AGENT 407, better known as Olivia Forsyth, has told about her astonishing life as an apartheid spy in a book that was launched at the Cape Town Press Club on Thursday.
“This is my chance to tell the story… why should I not be heard?,” she asked those attending the launch.
She believed that she must have made an impression as a spy because, 30 years later, people still remembered what she had done and that was perhaps the deciding factor of why she was telling her story.
“After I finished studying, I wanted a job that would give me the opportunity to travel. Thus, I applied for a job at the then department of foreign affairs.”

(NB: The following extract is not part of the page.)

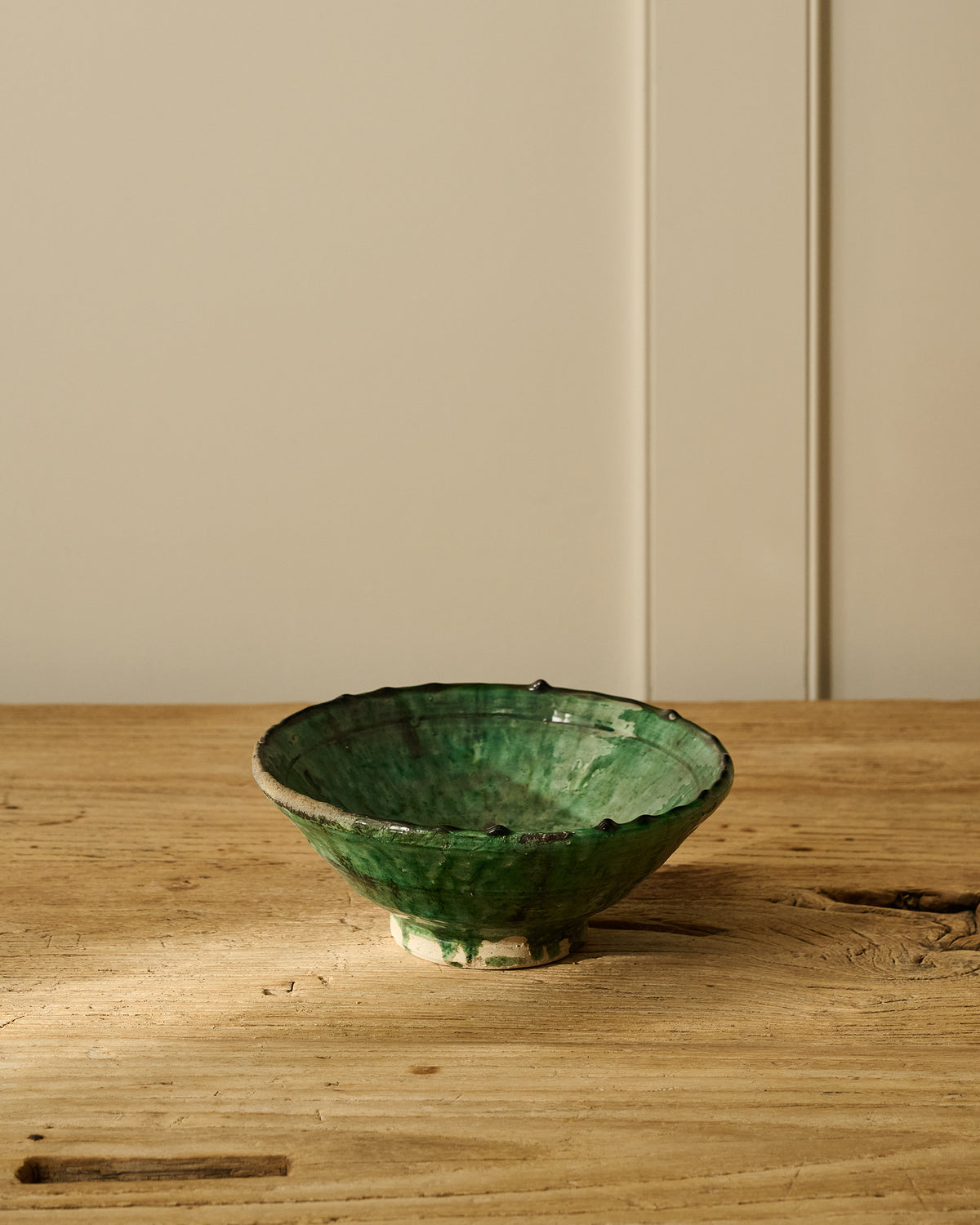 Moroccan Green Bowl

Soon afterwards someone approached her and gave her “a piece of paper with a name and phone number”.
“After phoning that number, my life changed. I was deployed to Rhodes University where I was spying for the national forces.”

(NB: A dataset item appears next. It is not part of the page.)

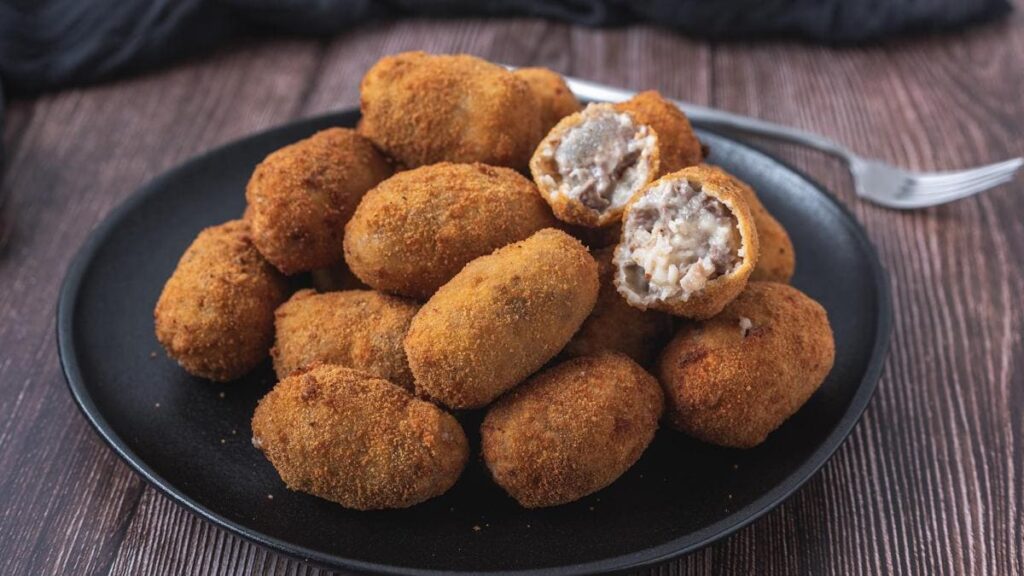 croquetas de rabo de toro en malaga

She denied that people were killed because of information she had passed on to the police. However, she admitted that she had not known what the information was used for.
“Police didn’t care about student meetings. They merely wanted to know why students were joining the ANC and the SACP.”
Forsyth said she went to Zimbabwe with the intention of joining the ANC to become a double agent for the liberation movement. “After working for the enemy, I thought I could make a significant contribution to the Struggle, which is why I wanted to join the ANC. It never made any sense why the ANC rejected my plan.”
When asked why she had not sought amnesty from the Truth and Reconciliation Commission, she said had lost her daughter during that period, and could not “think of anything else”.
Forsyth now lives in Italy with her British husband.